We don't have a Whole Foods yet, but we have Earth Fare (small regional chain, similar philosophy), Fresh Market, Dean & Deluca and a surprisingly fancy hometown grocery chain, Harris Teeter.

Where are you moving from? What kind of environment are you used to (suburban, new urban, exurbs)? We have all of those.

A lot of transplants get scared out of the city by what they hear about the public school system. It is very different than Northern cities, where every suburb has their own district and only the poor kids are in the city system. Our system incorporates both city and county, rich and poor, white and black and Hispanic and everything else. CMS is very large and has many of the requisites bumbles that come with a large bureaucracy, limited resources and socio-economic-racial politics, but my kids are in public school and (soapbox) I prefer to be part of the solution (/soapbox). YMMV.

Where specifically will you both be working? Charlotte's major banking employers (Wells/Wachovia and B of A) have campuses from one end of the city to the other.

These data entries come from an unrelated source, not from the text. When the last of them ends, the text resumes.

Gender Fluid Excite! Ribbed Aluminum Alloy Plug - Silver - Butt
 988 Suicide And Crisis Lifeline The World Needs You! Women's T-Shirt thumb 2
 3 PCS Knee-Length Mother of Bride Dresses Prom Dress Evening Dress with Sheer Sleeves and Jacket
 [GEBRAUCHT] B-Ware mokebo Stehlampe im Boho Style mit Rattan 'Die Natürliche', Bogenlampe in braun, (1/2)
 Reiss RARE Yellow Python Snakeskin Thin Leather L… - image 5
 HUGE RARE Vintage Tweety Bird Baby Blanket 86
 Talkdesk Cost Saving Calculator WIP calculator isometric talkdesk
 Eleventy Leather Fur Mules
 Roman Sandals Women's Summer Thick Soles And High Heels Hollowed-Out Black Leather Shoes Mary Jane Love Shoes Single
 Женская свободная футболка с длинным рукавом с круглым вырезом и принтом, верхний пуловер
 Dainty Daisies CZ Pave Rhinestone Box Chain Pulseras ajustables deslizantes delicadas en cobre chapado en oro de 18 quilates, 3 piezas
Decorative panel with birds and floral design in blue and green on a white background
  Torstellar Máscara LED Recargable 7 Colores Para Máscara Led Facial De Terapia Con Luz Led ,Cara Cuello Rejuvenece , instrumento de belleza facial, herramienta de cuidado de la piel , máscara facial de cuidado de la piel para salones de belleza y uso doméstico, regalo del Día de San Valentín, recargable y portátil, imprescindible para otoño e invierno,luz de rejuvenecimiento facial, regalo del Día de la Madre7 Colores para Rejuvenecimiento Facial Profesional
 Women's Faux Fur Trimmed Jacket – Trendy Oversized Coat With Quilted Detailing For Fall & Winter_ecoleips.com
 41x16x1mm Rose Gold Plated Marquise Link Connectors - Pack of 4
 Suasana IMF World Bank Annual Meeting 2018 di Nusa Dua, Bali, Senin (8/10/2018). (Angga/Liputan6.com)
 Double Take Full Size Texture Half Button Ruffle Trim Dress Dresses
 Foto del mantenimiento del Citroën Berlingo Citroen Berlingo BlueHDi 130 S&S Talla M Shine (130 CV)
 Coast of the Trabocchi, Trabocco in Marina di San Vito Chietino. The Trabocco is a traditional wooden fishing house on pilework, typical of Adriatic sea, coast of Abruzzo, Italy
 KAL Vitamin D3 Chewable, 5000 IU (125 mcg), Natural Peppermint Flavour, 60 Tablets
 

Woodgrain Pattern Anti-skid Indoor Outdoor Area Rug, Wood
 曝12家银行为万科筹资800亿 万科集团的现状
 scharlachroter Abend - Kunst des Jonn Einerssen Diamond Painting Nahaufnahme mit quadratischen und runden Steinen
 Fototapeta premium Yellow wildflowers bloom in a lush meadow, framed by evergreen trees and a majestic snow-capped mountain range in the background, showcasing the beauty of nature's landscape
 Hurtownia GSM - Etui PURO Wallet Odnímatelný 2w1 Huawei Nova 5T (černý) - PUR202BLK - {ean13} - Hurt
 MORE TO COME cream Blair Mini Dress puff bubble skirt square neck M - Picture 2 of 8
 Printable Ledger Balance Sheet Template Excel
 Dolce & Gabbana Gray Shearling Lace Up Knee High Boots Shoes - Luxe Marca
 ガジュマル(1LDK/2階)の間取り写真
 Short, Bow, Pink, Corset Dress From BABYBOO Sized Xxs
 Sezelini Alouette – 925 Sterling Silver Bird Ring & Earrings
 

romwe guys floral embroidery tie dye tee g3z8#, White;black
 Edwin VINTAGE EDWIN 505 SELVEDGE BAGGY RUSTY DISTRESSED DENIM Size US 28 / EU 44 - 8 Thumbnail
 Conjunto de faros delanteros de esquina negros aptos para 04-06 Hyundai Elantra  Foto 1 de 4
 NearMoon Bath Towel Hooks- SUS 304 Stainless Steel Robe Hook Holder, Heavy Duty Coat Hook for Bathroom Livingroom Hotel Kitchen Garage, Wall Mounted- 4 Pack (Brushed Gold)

Family life in Charlotte is GREAT. This is a wonderful city to live in. I've been here for 21 years and plan to be here forever.

More once you've answered those questions above, and feel free to Me-mail me too.
posted by Sweetie Darling at 12:22 PM on February 22, 2010

I grew up there, and my brother and mom are still there. I discovered I'm a big-city guy, and Charlotte definitely does not have the big-city feel. But it does have its charms, and I know a lot of fine folks who would live nowhere else.

It's been 25 years since I lived there, so I don't know a lot about now-trendy neighborhoods and such. I always liked the Dilworth and Elizabeth areas, but, again, I'm a bit out of touch these days.

The schools were great for me, a band-geek type, since they were large and diverse enough to have a niche for everyone. At least when I was growing up, only the super rich kids went to private school. Nowadays, there are all sorts of magnet schools, too.
posted by MrMoonPie at 1:01 PM on February 22, 2010

Seconding Medieval Maven on the suburbs and outlying cities. Head north on I-77 and take any exits that look appealing. I lived in Mooresville for awhile, which is about 30-45 minutes north, and I wouldn't recommend it as a viable option due to the commute (77 is notorious for its road construction and traffic conditions), but Huntersville, Davidson and Lake Norman are all really great places to live and the houses are in your price range.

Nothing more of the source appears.